Google To Train Its AI To Recognize 9 Indic Languages

Aadhya Khatri - Oct 01, 2019

The system of Google could recognize nine Indic languages, including Hindi, Bengali, Malayalam, Telugu, Gujarat, Marathi, Kannada, Tamil, and Urdu

There are thousands of languages spoken all over the world. So far, we have had records of around 6,500, and systems from tech giants like Amazon, Apple, Facebook, and Google are getting better at recognizing them. The problem is, training these AIs requires large corpora, and we do not exactly have that for every language.

To solve this problem, Google is applying knowledge it learns from languages with lots of data to the data-scarce ones. This attempt has proven to be fruitful as the company has developed a multilingual speech parser that can transcribe several tongues. The invention was introduced at the Interspeech 2019 conference taking place in Graz, Austria.

The authors said that their system could recognize nine Indic languages, including Hindi, Bengali, Malayalam, Telugu, Gujarat, Marathi, Kannada, Tamil, and Urdu, with a high level of accuracy, all while improving dramatically the quality of ASR (short for automatic speech recognition).

Google-indic-languages — The chart of training data for nine Indic languages

According to Anjuli Kannan and Arindrima Datta, software engineers at Google Research, the company picked India for this study because the country speaks over 30 languages and the number of native speakers is more than a million. Since the speakers of these tongues sometimes live close to each other and have shared cultural traits, many of them overlap when it comes to lexical and acoustic content.

More importantly, may Indians speak more than one language, so they may use words and phrases deriving from different tongues in one conversation.

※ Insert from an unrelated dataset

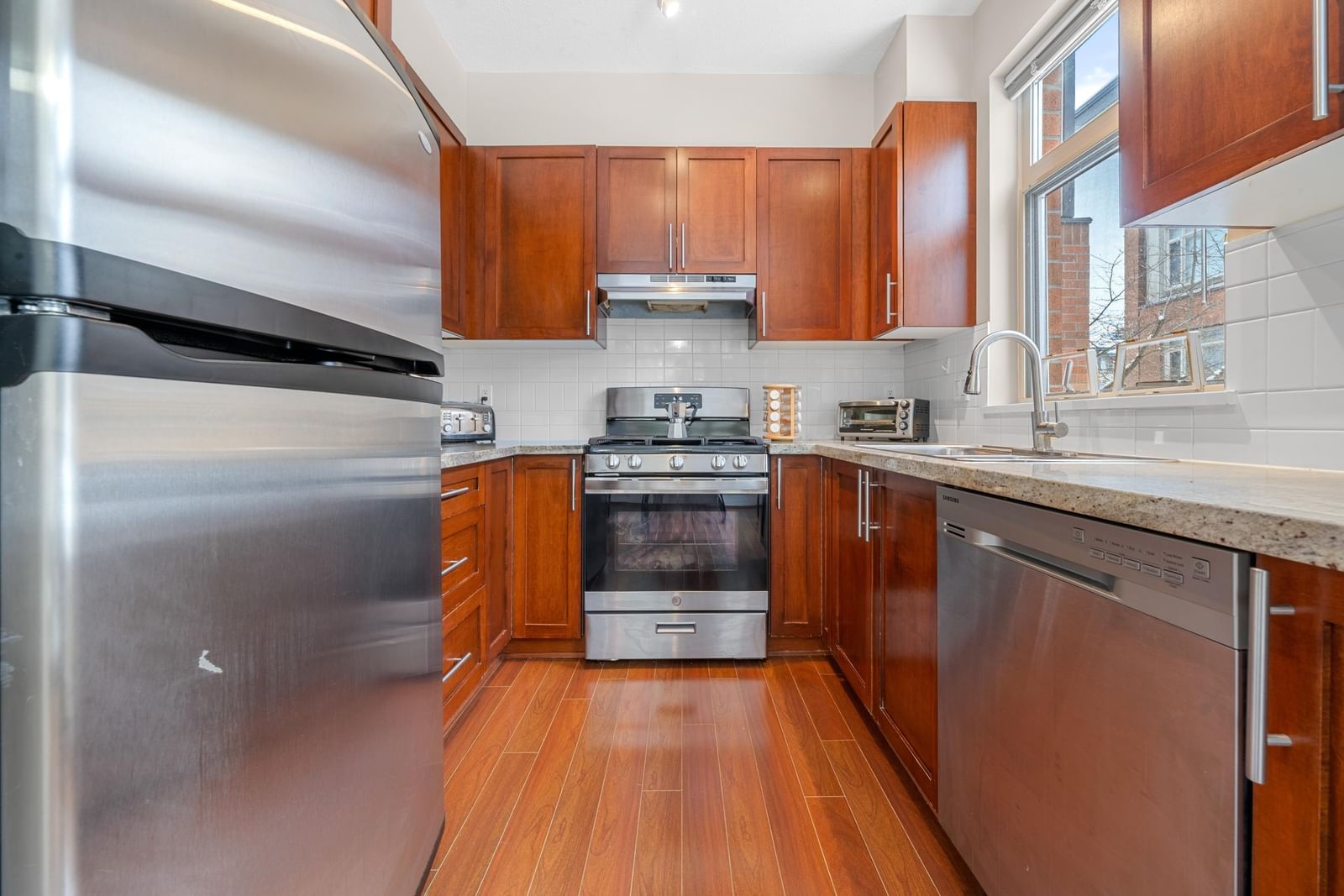 Listing Image 14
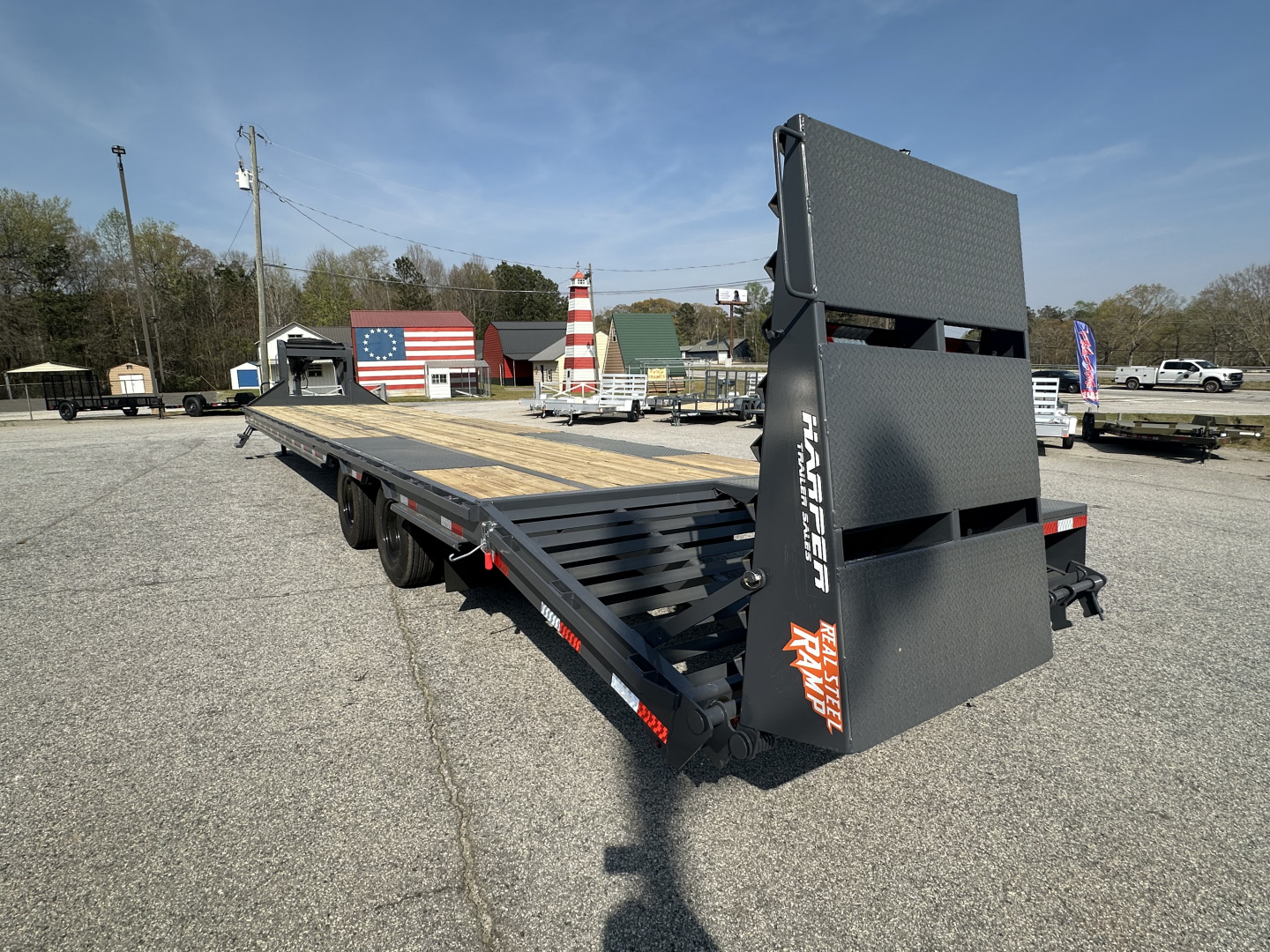 New 2026 DOWN 2 EARTH GOOSENECK 40' 25K DUAL TANDEM EQUIPMENT HAULER WITH WINCH RAIL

The architecture of this system combines pronunciation, language components, and acoustic into one. Other ASRs before it can only do this without real-time speech recognition. On the other hand, the AI of Kannan, Dattan, and their colleagues makes use of a recurrent neural network transducer designed to output words one character at a time, for several languages.

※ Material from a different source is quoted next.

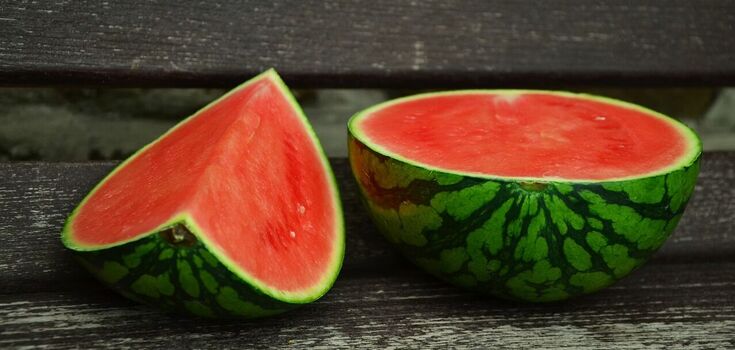 How to cut watermelon beautifully and easily for a feast: life hack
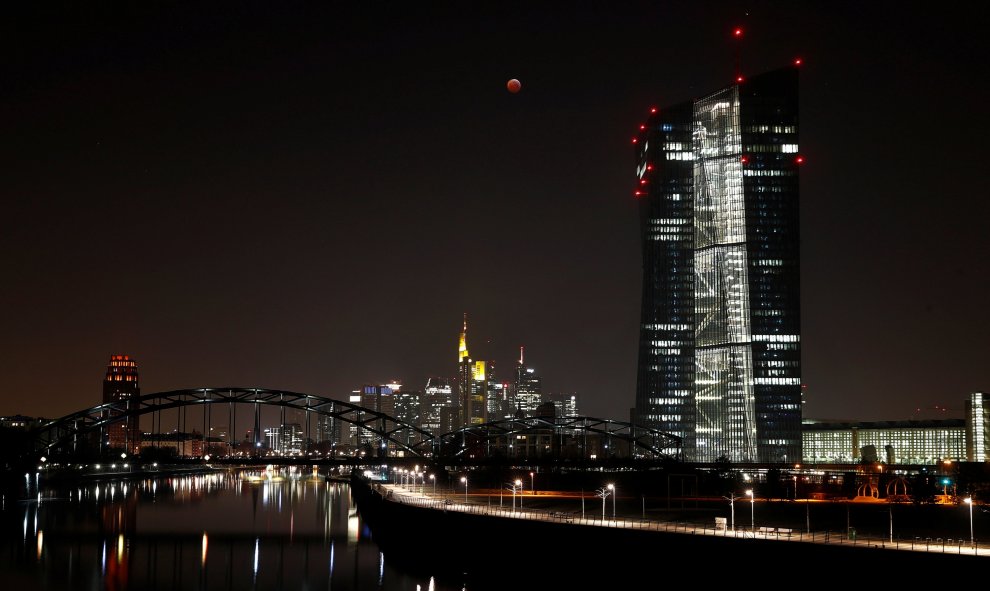 El eclipse lunar coronando el skyline de los rascacielos en los alrededores del Banco Central Europeo, en Frankfurt, Alemania. REUTERS/Kai Pfaffenbach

To avoid bias arises from a small amount of input data set, the experts of this project tweaked the system architecture a little bit to add in language identifier input. For example, they will take the preferred language on a smartphone into consideration. This, coupled with the audio input, enable the system to learn different features of separate languages as well as to disambiguate a given one.

Google-indic-languages-AI — A comparison of Google's end-to-end model to conventional ASR systems

The model was then further augmented as the team allocated extra parameters for each language, which comes in the form of residual adapter modules. This will help to enhance the overall performance and fine-tune the global per-language system.

What they achieved is a system that can deal with several languages with a performance surpassing all other recognizers that work on one single language only. All of that comes with simplified serving and training all while fulfilling the requirement latency needed for tools like Google Assistant.

Google-Assistant-languages-indic — This system and others like it will make it to Google Assistant

The researchers said that based on the results of this study, they would continue to expand the scope to other language groups to meet the need of the ever-growing number of diverse users. Google's missions are to organize global information as well as making it accessible to as many people as possible, meaning the data must be available in multiple languages.

This new system and the like will highly likely come to Google Assistant, which now has support for multiple tongues for multiturn conversations in Hindi, Korean, Norwegian, Swedish, Dutch, and Danish.

This study puts a focus on India, a nation speaking multiple languages. And it is a common phenomenon in the country for people to use a few tongues in one conversation, making it a natural case for the company to train its one single multilingual system.